## WHAT YOU SHOULD DO
Starting with the line that contains "manos femeninas preparando" and ending with the last line of the listing, print each line exactly. Pictures stay out.
++++
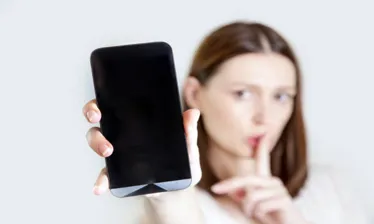 woman holds her quiet phone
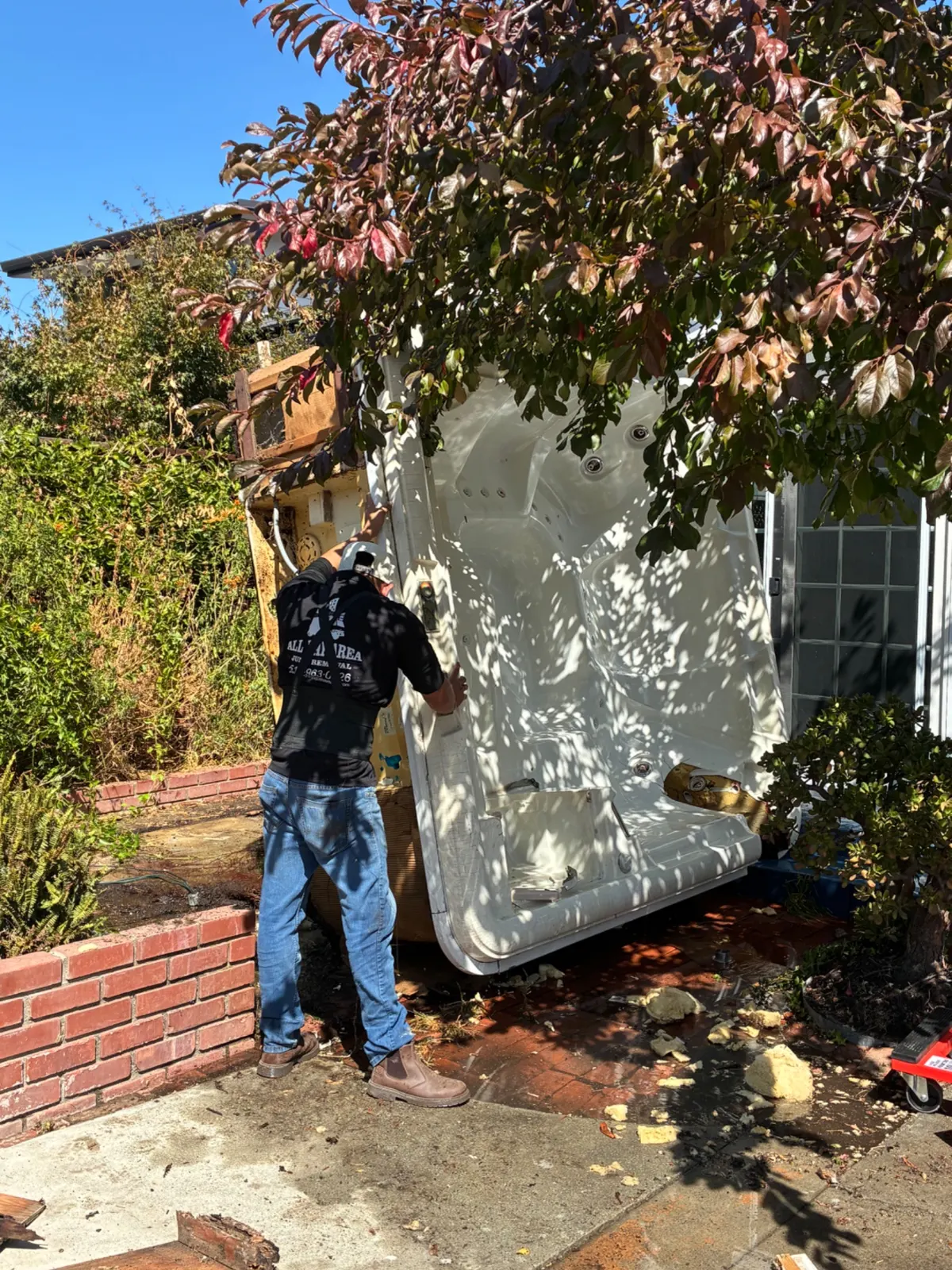 Crew member removing an old hot tub from a backyard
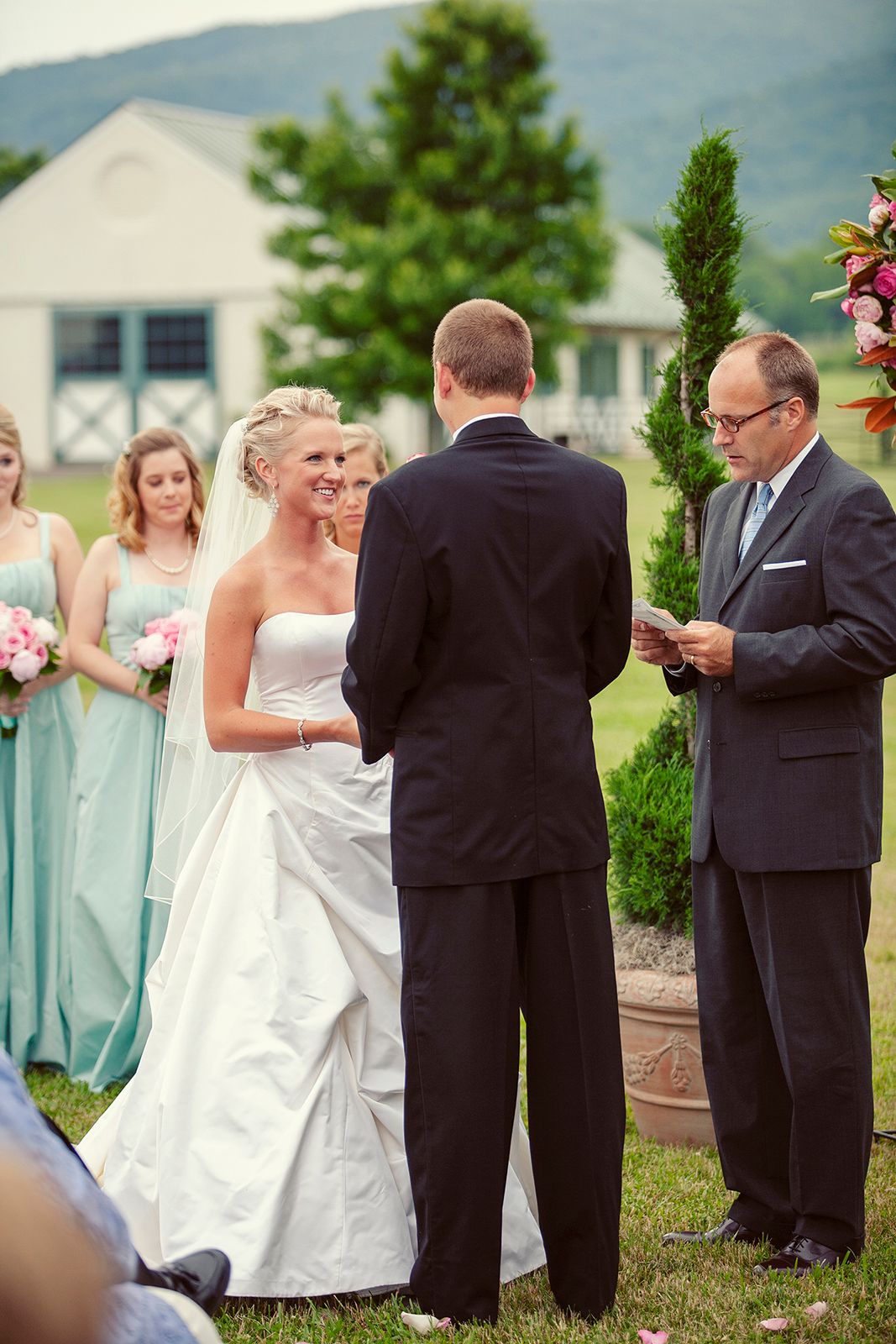 Outdoor wedding ceremony with bride in white gown, groom in black suit, officiant reading vows, bridesmaids in mint dresses.
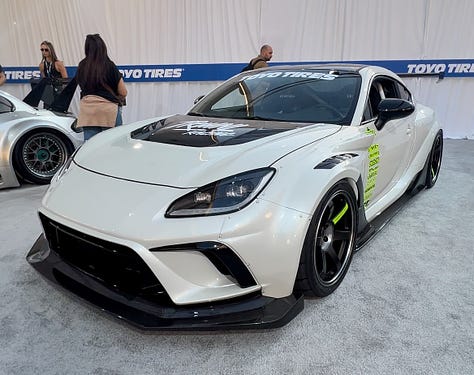 Variations of customized Toyota GR86 models seen at SEMA 2023 in Las Vegas.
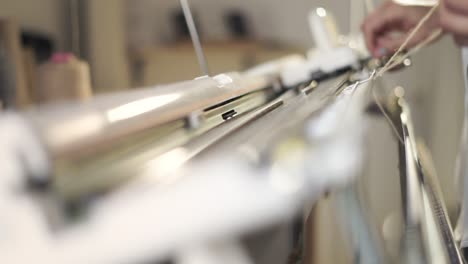 manos femeninas preparando la máquina de tejer para el trabajo en el taller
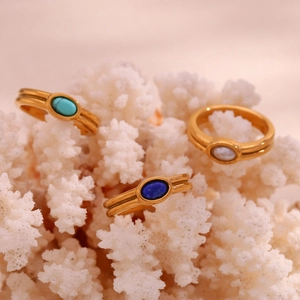 Detailed macro view of 18K gold plated striped rings with colorful natural stones
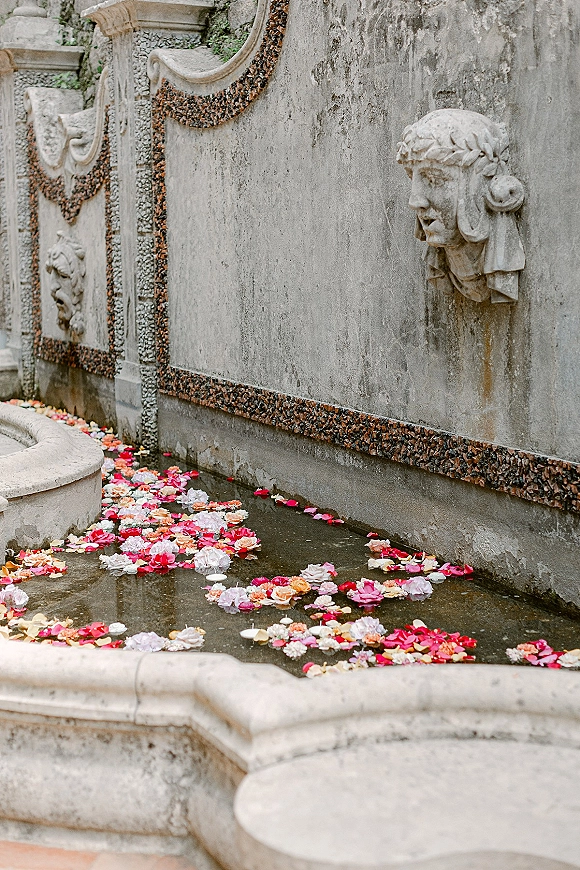 Floating flower petals and floating rose petals drift across a stone fountain basin, creating a romantic water feature centerpiece with blooms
++++
## EXERCISE RESULT
 manos femeninas preparando la máquina de tejer para el trabajo en el taller
 Detailed macro view of 18K gold plated striped rings with colorful natural stones
 Floating flower petals and floating rose petals drift across a stone fountain basin, creating a romantic water feature centerpiece with blooms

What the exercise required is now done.